TASK MATERIAL:
....

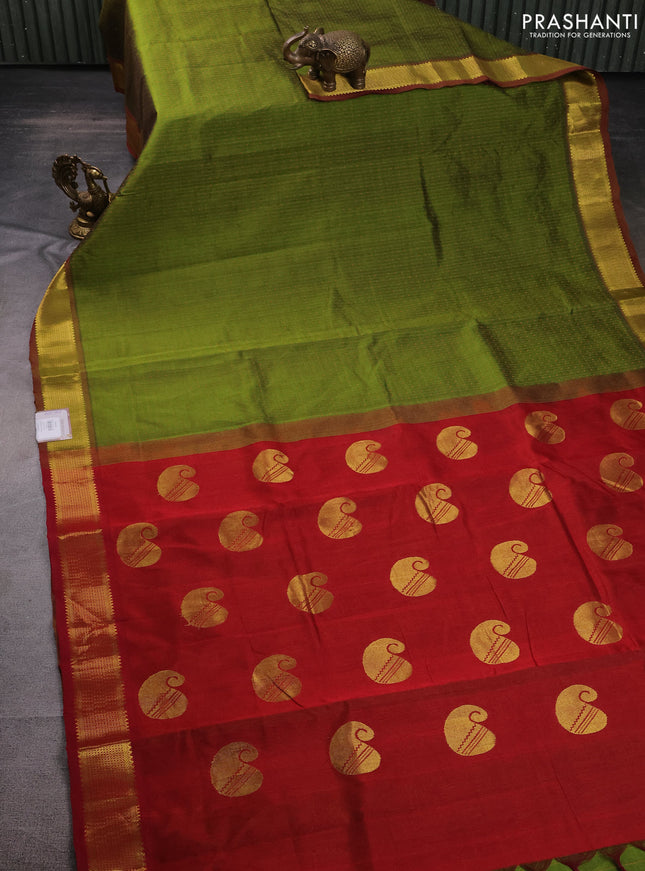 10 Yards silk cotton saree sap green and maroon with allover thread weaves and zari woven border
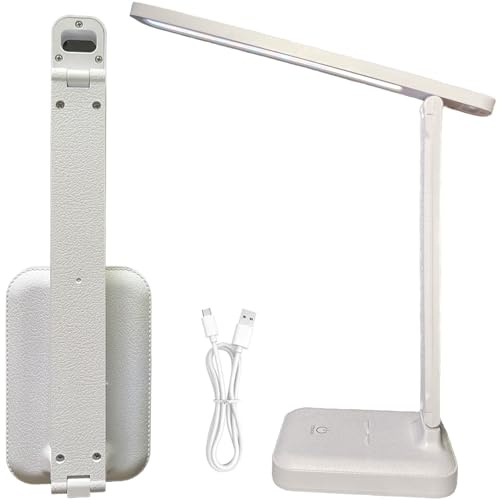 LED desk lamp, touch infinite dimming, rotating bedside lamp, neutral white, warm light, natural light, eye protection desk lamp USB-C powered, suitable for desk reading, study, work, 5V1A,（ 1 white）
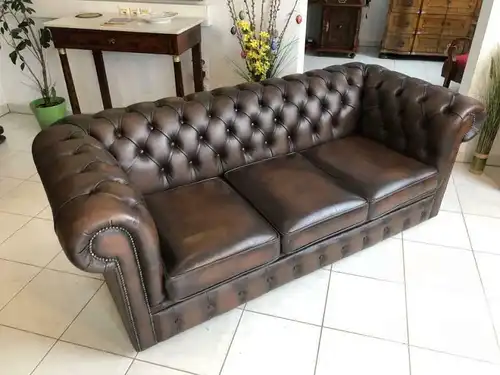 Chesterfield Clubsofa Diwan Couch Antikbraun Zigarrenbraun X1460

....

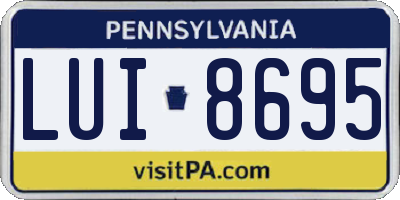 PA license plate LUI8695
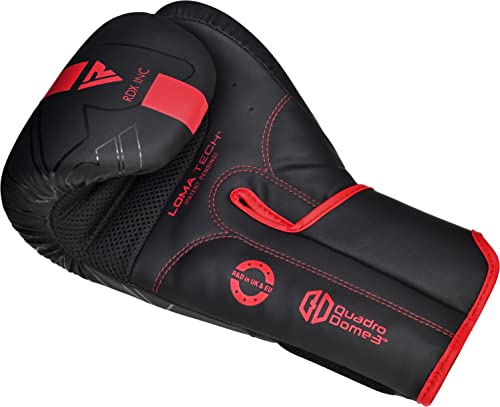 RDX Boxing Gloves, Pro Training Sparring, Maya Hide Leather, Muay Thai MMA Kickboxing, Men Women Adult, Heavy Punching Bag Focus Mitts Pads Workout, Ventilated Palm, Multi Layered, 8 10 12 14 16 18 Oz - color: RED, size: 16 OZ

....

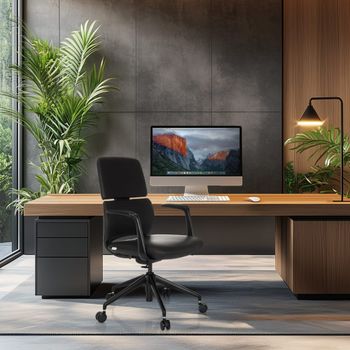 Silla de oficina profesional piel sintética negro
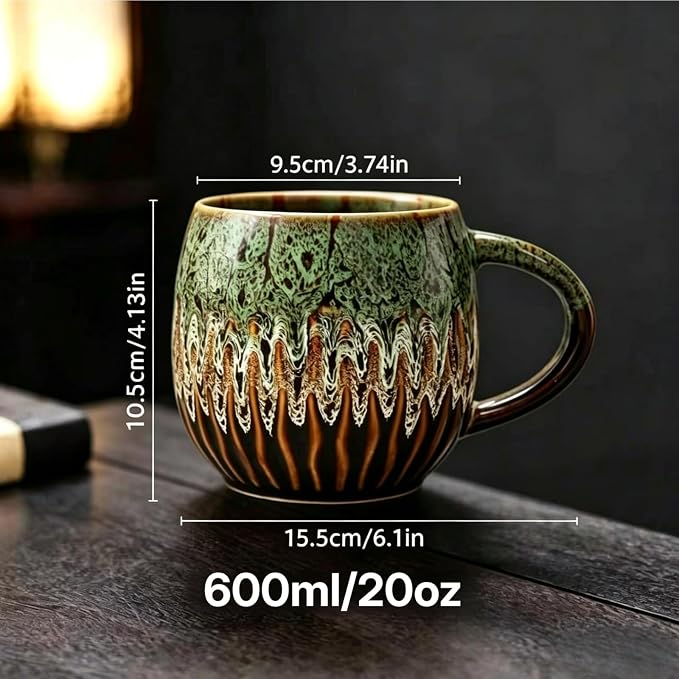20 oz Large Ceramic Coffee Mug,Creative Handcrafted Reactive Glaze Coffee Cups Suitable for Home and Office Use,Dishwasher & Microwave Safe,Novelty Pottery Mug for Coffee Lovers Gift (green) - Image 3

....

HOW TO COMPLETE THIS TASK: Write out again exactly the lines above from the one with "PA license plate LUI8695" through the one with "RDX Boxing Gloves, Pro", adding no other lines and no pictures.

OUTPUT:
 PA license plate LUI8695
 RDX Boxing Gloves, Pro Training Sparring, Maya Hide Leather, Muay Thai MMA Kickboxing, Men Women Adult, Heavy Punching Bag Focus Mitts Pads Workout, Ventilated Palm, Multi Layered, 8 10 12 14 16 18 Oz - color: RED, size: 16 OZ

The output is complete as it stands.